Simulation has once again become a talking point after Arsenal playmaker Cazorla won a first-half penalty in Saturday's 2-0 victory over West Brom after going to ground following a challenge by Steven Reid.
Replays showed there had been no contact between the players and Baggies boss Steve Clarke condemned referee Mike Jones for missing what he viewed as a blatant dive.
Gunners team-mate Mikel Arteta defended Cazorla, and while Professional Footballers' Association chief executive Taylor did not wish to comment on this specific case he believed the use of technology would help referees make the right calls.
"This has been a non-stop subject for a long time now - how we best deal with it given the pace of the game and the difficulties for referees and the assistant referees to judge," Taylor told Sky Sports News.
"I think it's going to be inevitable that if technology comes in for goalline decisions and penalty decisions, then it will help in these situations.
"Other sports move on and use technology and do all they can to be as successful as football, so we've got to keep at that cutting edge.
"I'm not saying change for change's sake but change if it makes the game better and there's more justice done.....
"Also for a long time we've been talking about a panel of former players, referees, former managers, to look at such incidents with a view to recommending to the FA whether action should be taken if there is a player who blatantly looked to claim a free-kick or a penalty when there's no possibility of an offence being committed."

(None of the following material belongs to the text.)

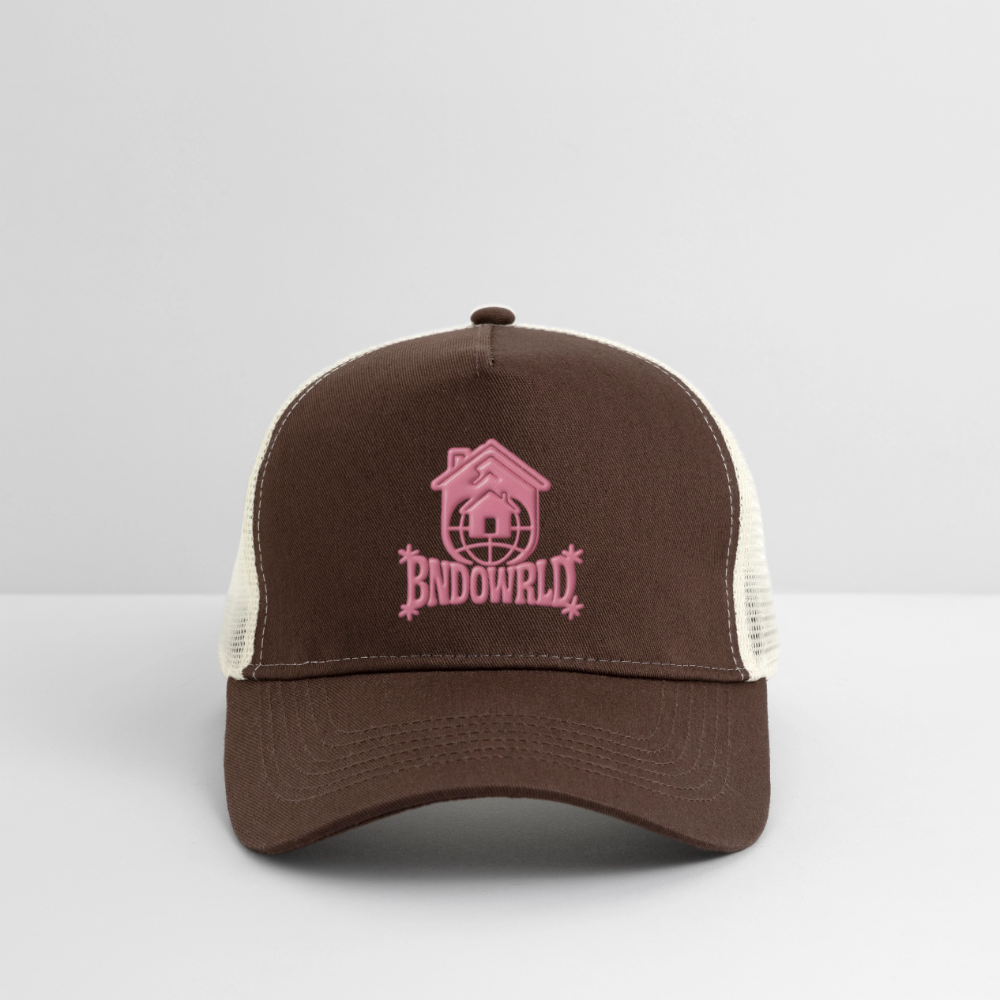 BNDOWRLD Logo Trucker Cap - brown/beige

In an interview given to the Daily Telegraph two months ago, Cazorla revealed that he views diving as "not something that should be a big controversy".

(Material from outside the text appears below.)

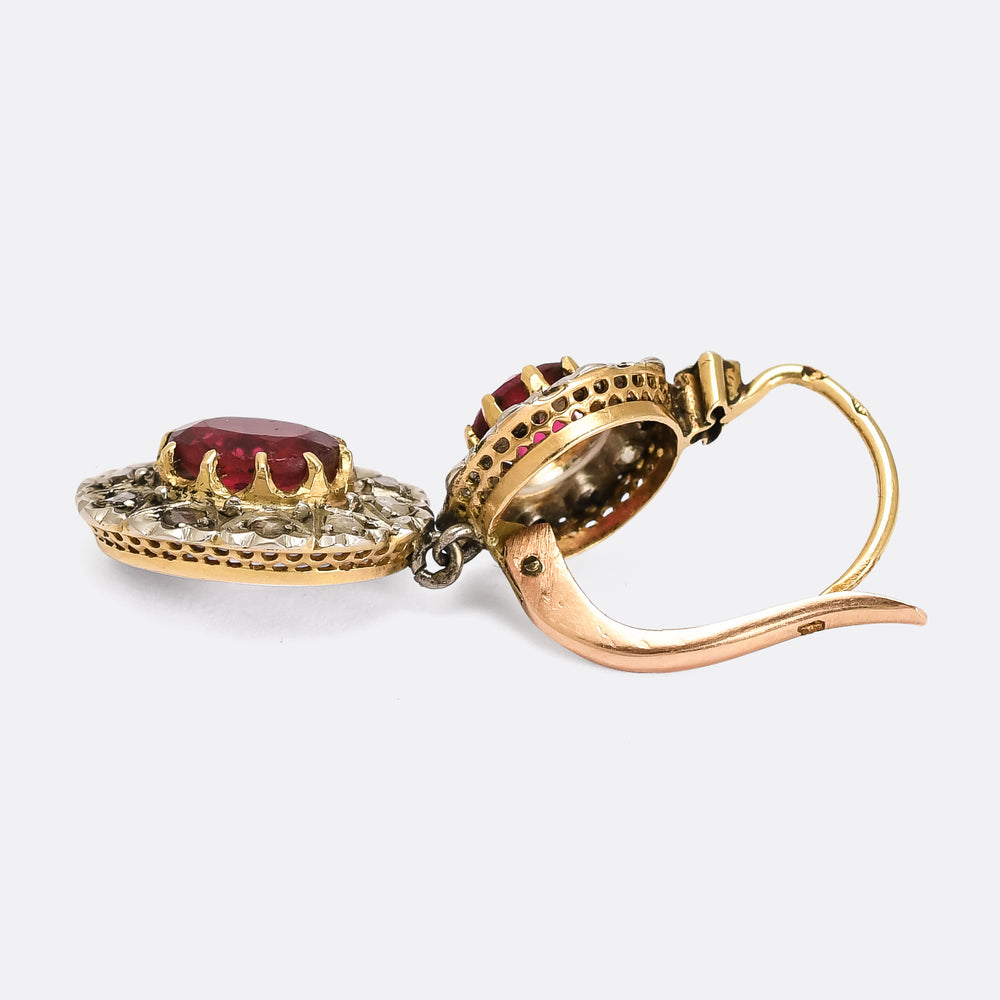 Late Victorian Ruby Paste & Rose Diamond Double Cluster Earrings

The Spaniard is set to be omitted from Arsenal's squad for tomorrow's Capital One Cup quarter-final at Bradford with manager Arsene Wenger expected to rely on his fringe players, but his actions have highlighted a problem that Taylor agrees must be addressed.
"I don't want to personalise it because he wouldn't be the first player accused of diving and he won't be the last, but it's an issue that we all need to address," Taylor said.
"Management, coaching staff, players and supporters have all got to buy into this and condemn it.
"We must make sure the game is played according to the spirit of the game and the letter of the law.
"We've got to give the referee and his assistants every possible opportunity to get their decisions right because virtually every Sunday and Monday morning now we have decisions complained about.
"We must also look at matches reflectively and take later action, rather than just say 'leave it how it was from the referee and we all move on'."